EXERCISE GOAL:
The lines from the one holding "3-4月旅行天花板，美得像墜落凡間的畫。" through the end of the records below are to be written out exactly, and nothing else; pictures are to be left out.

AVAILABLE DATA:

BEGIN

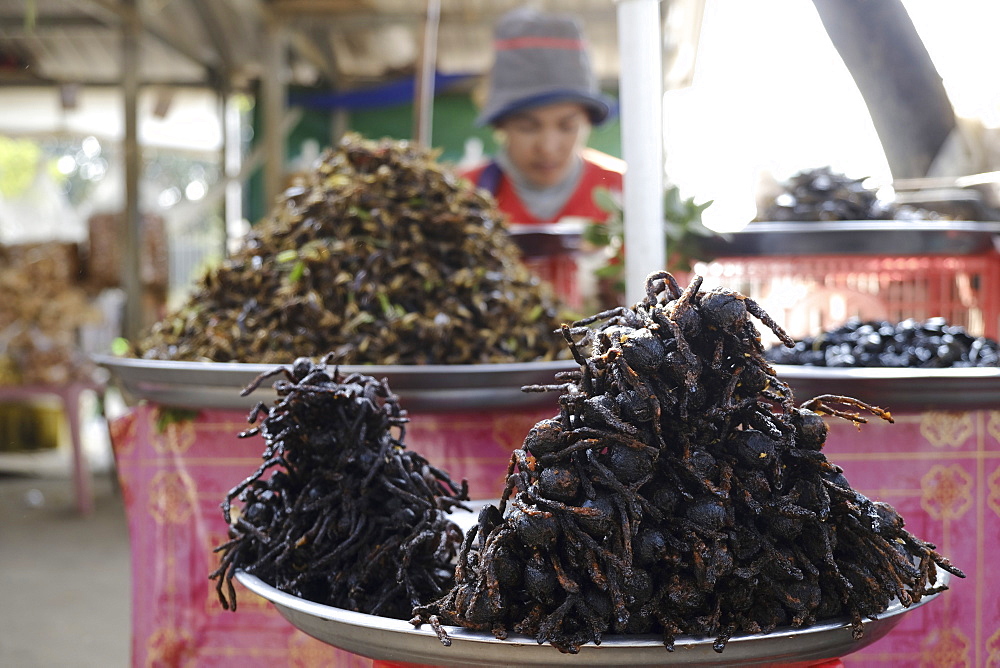 Tarantulas and other insects and bugs for sale as street food, Cambodia, Indochina, Southeast Asia, Asia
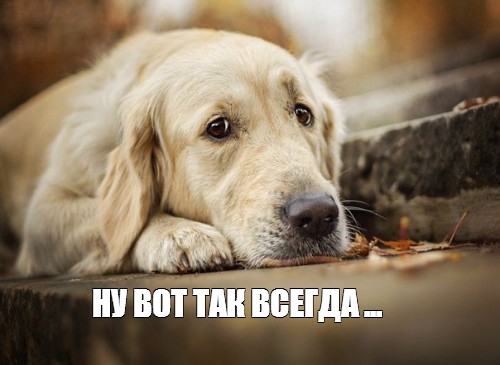 708470e4f8b6ce8f13372102092e82bc.jpg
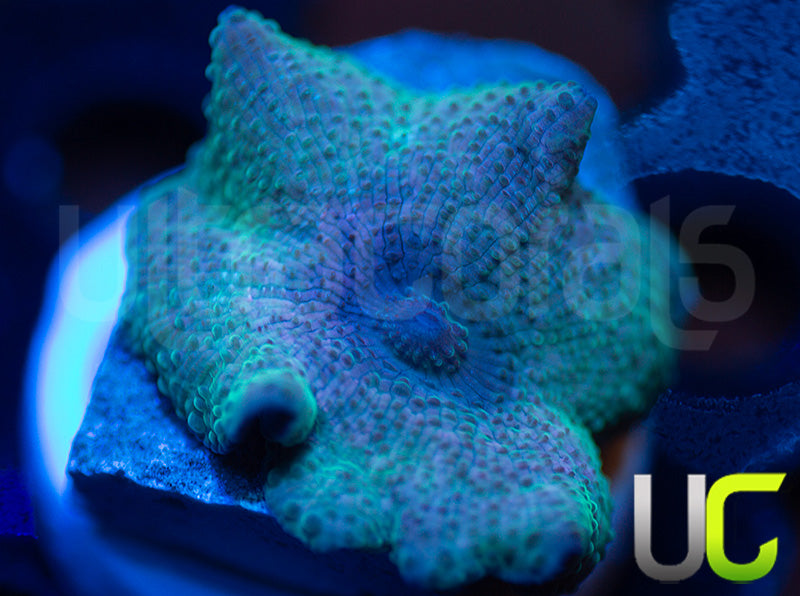 OG Indonesian Blue Mushroom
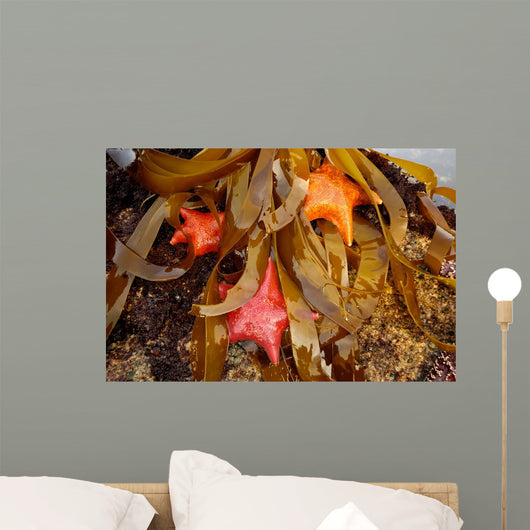 Tidepool with Bat Stars Wall Decal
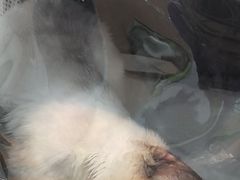 -联合动物医院(光谷诊疗中心)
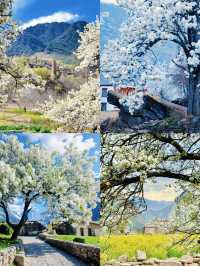 3-4月旅行天花板，美得像墜落凡間的畫。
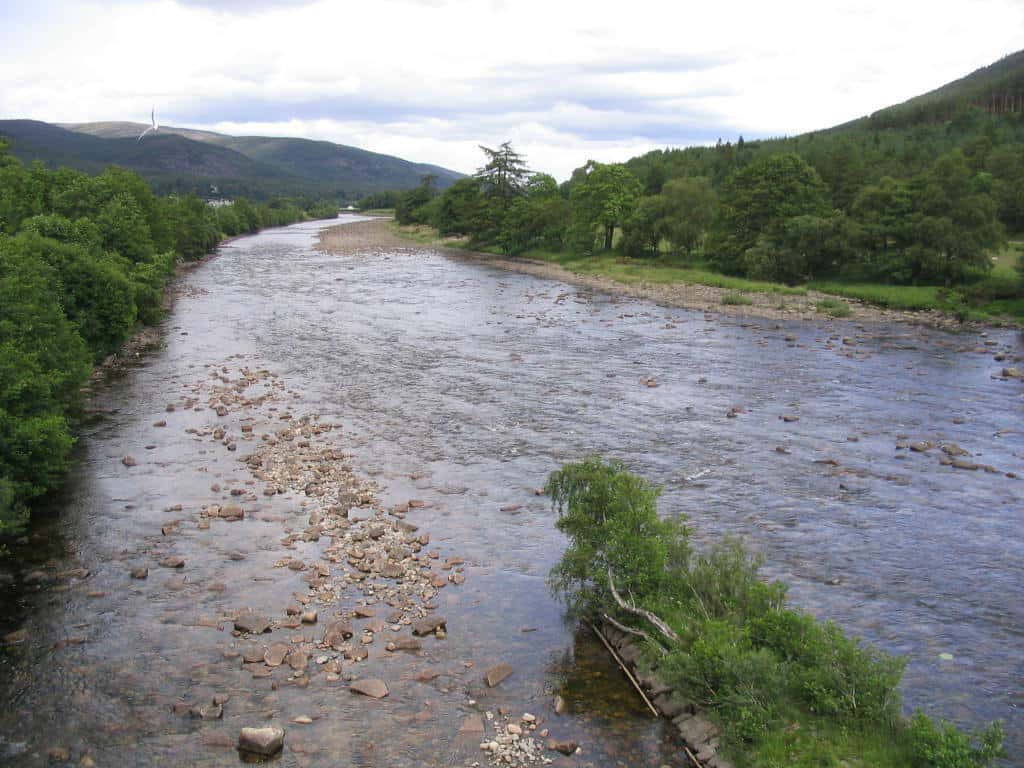 River Dee Salmon Fishing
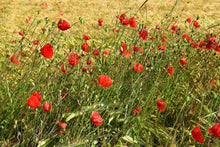 Load image into Gallery viewer, Photo Wallpaper The poppy in the wind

END

EXPECTED ANSWER:
 3-4月旅行天花板，美得像墜落凡間的畫。
 River Dee Salmon Fishing
 Load image into Gallery viewer, Photo Wallpaper The poppy in the wind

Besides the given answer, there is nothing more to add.